De pé na calçada, com as mãos nos quadris, havia uma mulher gorda com cabelo cinzento e expressão zangada. Fat Charlie andava em sua direção como se andasse por um campo minado, como se tivesse 9 anos de idade novamente e estivesse em apuros.

— Cê não me ouviu gritar? — perguntou ela, com seu inglês de sotaque caribenho. — Cê passou direto por mim. Passou a maior vergonha! Por aqui. Cê perdeu o funeral e tudo. Mas tem uma pá de terra te esperando.

A Sra. Higgler não tinha mudado quase nada naqueles últimos 20 anos: estava um pouco mais gorda, um pouco mais grisalha. Comprimiu os lábios e o conduziu por uma das muitas calçadas do cemitério. Fat Charlie suspeitava que não havia deixado uma boa primeira impressão. Ela mostrava o caminho e, envergonhado, ele a seguia.

Um lagarto subiu rápido por um ferro da cerca de metal que circundava o jardim e depois ficou no topo de uma lança da cerca, experimentando o ar abafado da Flórida. O sol escondera-se por trás de uma nuvem, mas a tarde parecia na verdade ter ficado mais quente. O lagarto estufou o pescoço até formar um brilhante balão alaranjado.

Duas garças de pernas compridas, que Fat Charlie inicialmente tomara por ornamentos de jardim, olharam para ele quando passou por elas. Uma delas mergulhou a cabeça e depois ergueu novamente com uma grande rã pendurada no bico. Então começou, fazendo movimentos de deglutição, a tentar engolir a rã, que esperneava e se debatia no ar.

— Anda — disse a Sra. Higgler. — Deixa de enrolação. Já basta você não comparecer ao funeral do teu pai.

Fat Charlie suprimiu a vontade de contar que viajara 6.500 km naquele dia, alugara um carro e viera dirigindo desde Orlando, e pegara a estrada errada — afinal de contas, quem diabos teve a idéia de escolher um cemitério atrás de um Wal-Mart na saída da cidade? Eles continuaram a andar, passaram por um grande prédio de concreto que cheirava a formol e chegaram a uma cova aberta no ponto mais distante do cemitério. Não havia nada além dela, exceto uma cerca alta e, por trás dela, muitas árvores, palmeiras e mato. Na cova, jazia um modesto caixão de madeira. Já havia sobre ele montinhos de terra. Ao lado da cova, uma grande quantidade de terra e uma pá.

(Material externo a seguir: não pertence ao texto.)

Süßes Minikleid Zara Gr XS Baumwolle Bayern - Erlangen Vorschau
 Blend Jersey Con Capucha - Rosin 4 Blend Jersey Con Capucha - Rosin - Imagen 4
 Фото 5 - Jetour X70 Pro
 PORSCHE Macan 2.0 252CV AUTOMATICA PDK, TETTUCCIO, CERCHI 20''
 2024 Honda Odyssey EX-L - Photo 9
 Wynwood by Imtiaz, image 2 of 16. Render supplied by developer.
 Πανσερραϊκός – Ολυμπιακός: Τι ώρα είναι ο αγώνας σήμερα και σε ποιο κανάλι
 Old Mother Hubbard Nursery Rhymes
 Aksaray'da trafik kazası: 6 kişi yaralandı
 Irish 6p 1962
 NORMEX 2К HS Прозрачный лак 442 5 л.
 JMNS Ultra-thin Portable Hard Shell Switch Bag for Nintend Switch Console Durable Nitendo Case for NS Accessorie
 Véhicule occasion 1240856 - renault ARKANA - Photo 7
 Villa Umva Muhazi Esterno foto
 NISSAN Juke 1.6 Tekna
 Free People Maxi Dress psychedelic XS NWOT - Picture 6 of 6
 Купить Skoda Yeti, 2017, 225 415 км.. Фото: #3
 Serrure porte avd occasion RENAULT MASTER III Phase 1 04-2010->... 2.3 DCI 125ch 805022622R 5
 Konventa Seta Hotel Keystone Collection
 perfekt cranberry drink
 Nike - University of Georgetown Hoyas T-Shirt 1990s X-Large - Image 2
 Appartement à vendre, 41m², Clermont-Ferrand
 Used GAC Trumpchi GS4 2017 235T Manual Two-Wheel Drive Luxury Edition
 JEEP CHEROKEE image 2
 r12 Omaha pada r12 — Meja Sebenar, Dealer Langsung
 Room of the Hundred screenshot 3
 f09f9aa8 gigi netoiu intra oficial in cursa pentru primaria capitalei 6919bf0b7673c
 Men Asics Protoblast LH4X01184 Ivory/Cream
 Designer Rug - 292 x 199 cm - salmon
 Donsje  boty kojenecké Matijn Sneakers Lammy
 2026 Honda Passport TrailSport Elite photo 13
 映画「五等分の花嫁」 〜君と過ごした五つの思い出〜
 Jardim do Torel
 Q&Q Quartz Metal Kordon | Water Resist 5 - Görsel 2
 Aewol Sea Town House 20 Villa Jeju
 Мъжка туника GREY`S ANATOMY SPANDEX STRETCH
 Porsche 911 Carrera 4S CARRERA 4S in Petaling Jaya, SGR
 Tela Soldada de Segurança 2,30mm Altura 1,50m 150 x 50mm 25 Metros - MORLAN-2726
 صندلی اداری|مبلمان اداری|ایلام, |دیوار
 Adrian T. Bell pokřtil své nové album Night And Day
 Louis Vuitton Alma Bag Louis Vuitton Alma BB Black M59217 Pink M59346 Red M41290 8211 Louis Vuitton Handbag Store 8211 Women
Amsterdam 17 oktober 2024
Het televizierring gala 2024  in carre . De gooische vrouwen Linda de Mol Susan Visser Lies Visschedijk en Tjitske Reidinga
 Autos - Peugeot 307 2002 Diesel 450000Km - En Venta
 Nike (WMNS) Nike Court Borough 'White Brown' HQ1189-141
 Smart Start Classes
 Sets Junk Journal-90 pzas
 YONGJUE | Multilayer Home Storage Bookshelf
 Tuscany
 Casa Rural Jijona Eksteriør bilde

A Sra. Higgler pegou a pá e entregou-a a Fat Charlie.

— Foi uma cerimônia muito bonita. Alguns dos velhos amigos de bebedeira do teu pai vieram, e todas as senhoras da nossa rua. Apesar de ele ter ido pro andar de cima, a gente ainda vai se falar. Ele gostaria disso. E claro que teria gostado ainda mais se você tivesse aparecido.

Ela balançou a cabeça. Continuou:

— Agora vamos começar a enterrar. E, se você quiser se despedir dele, faça isso enquanto vai jogando a terra no caixão.

— Eu pensei que eu tivesse que jogar só uma ou duas pás de terra. Para mostrar boa vontade.

— Eu dei ao homem 30 pratas para ir embora — informou a Sra. Higgler. — Disse a ele que o filho do falecido vinha de avião lá da Inglaterra e que ia querer fazer tudo direitinho pro pai dele. Fazer tudo nos conformes. Não só “mostrar boa vontade”.

— Certo. Claro. Entendi.

Fat Charlie tirou paletó e o pendurou na cerca. Afrouxou a gravata, puxou-a pela cabeça e colocou-a no bolso do paletó. Pegou a pá e começou a jogar a terra negra dentro da cova aberta, naquele ar da Flórida tão denso quanto uma sopa.